The performance of the Muffat is on the highest level throughout both as to the vocal and instrumental contributions. I’ve mentioned the soprano soloists several times during the course of this review and Violaine Le Chenadec (choir I) and Myriam Arbouz (choir II) certainly deserve special mention, but it is to the credit of Damien Guillon that the whole performance deserves the highest possible praise. The same goes for the engineers who have gloriously wrapped the performance in the distinctive acoustic of the Chapelle Royale. It’s a performance I would tend to prefer to the fine but more objective Junghänel.

Brian Robins


Gratia plena: Hans Memling

Psallentes, The Royal Wind Music, Hendrik Vanden Abeele
Le Bricoleur LBCD 14

Unusual to have one CD based on a famous old master painting, but along with The Sword and the Lilly, a meditation on van der Weyden’s ‘The Last Judgement’ (Inventa INV 1008), we have another musing, this time on ‘The Annunciation’ by Hans Memling. His exquisitely detailed rendition of angelic musicians has allowed instrument builders to reconstruct instruments which have not survived in any other form, so he is an obvious inspiration for a CD programme.
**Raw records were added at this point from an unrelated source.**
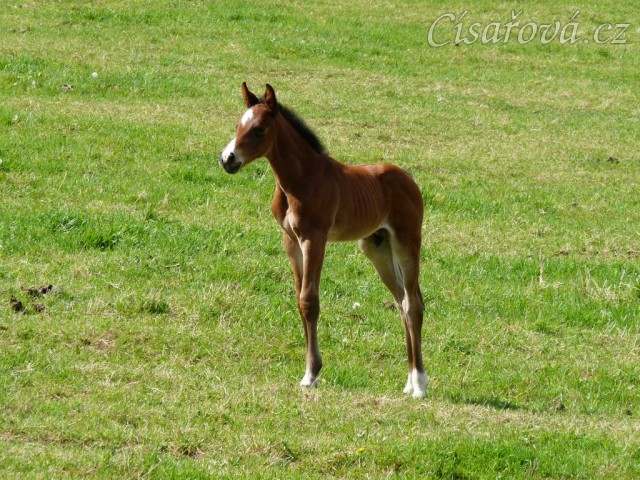 Baloo 10 dní starý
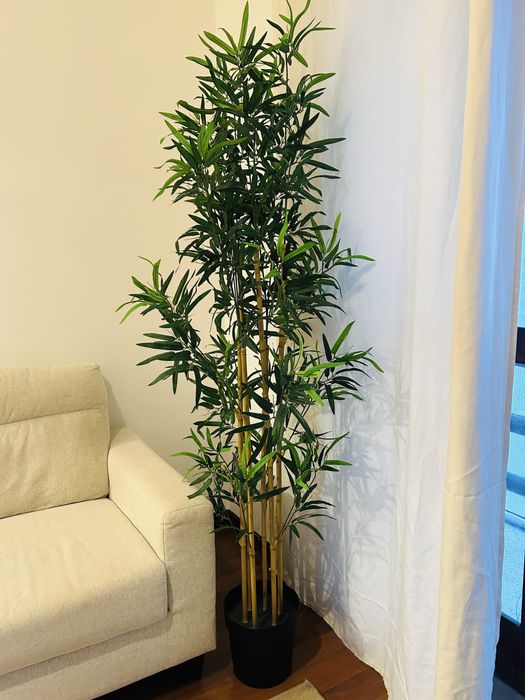 Planta ornamental ikea Bambu como nova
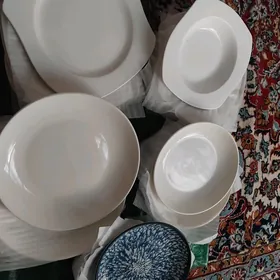 Taze pasudalar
Like the Inventa CD, this CD programmes music relevant to the subject and details of the painting, assembling polyphony by de Ghizeghem, Agricola, Obrecht, Dufay, Compère, Mouton and Josquin played on recorders by The Royal Wind Band and sung by Psallentes, who also provide plainchant. The performances from these splendid Flemish ensembles are, like Memling’s painting, exquisitely detailed and wonderfully evocative. The sounds conjured up by consorts of beautifully tuned and blended Renaissance recorders are a delight, as are the female voices of Psallentes, also beautifully pure and focussed. My favourite tracks are where the voices and recorders combine in the larger-scale polyphony and culminating in a stunning account of the Gloria from the famously demanding Missa Maria zart by Obrecht, given a delightfully transparent performance here. With the imaginative blending of voices and recorders and the sheer musicality of these accounts, I was more persuaded by this painting-based musing, although the rather shallow supporting booklet in which Vanden Abeele writes a ‘Dear Hans’ letter to Memling and offers Gratias agimus tibi to him for the CD’s artwork rather trivialises this excellent project. I am on record elsewhere opining that a serious scholarship-based musical programme, such as this most definitely is, deserves a seriously scholarly programme note rather than some self-indulgent performer’s flight of fancy.

D. James Ross



Singer Pur, Ensemble Leones
Oehms Classics OC 1726

This collaboration between the vocal group Singer Pur and the instrumental Ensemble Leones presents a programme of motets with a block of Senfl’s secular music in the middle. This latter element consists largely of no fewer than seven settings of the song “Ich stund an einem Morgen” and three of “Was wird es doch” – perhaps as much of both as one could wish for. While, with the exception of the extended consort piece ‘Das lang’, Senfl’s secular idiom is perhaps quite familiar and ultimately pretty conventional, his sacred music is altogether more complex and interesting and generally underperformed and recorded. A student of Heinrich Isaac, Senfl found employment with the Hofkapelle of Emperor Maximilian I in Vienna and Munich, so it is hardly surprising – with considerable musical resources at his disposal – that Senfl wrote such demanding and richly textured sacred music. Singer Pur present most of the sacred music unaccompanied, and produce their usual lovely vocal blend and intelligent readings of the music. The rich combination of voices and stringed instruments in the opening “Sancta Maria virgo”, such as would have been commonplace in the Munich Hofkapelle, home of the Bavarian State Orchestra, made me wish that both groups had combined forces in more of the sacred music on the CD. Be that as it may, this CD makes a strong case for Senfl’s sacred music being afforded more attention and respect than it is currently. His setting of “Media vita in morte sumus” is a masterpiece.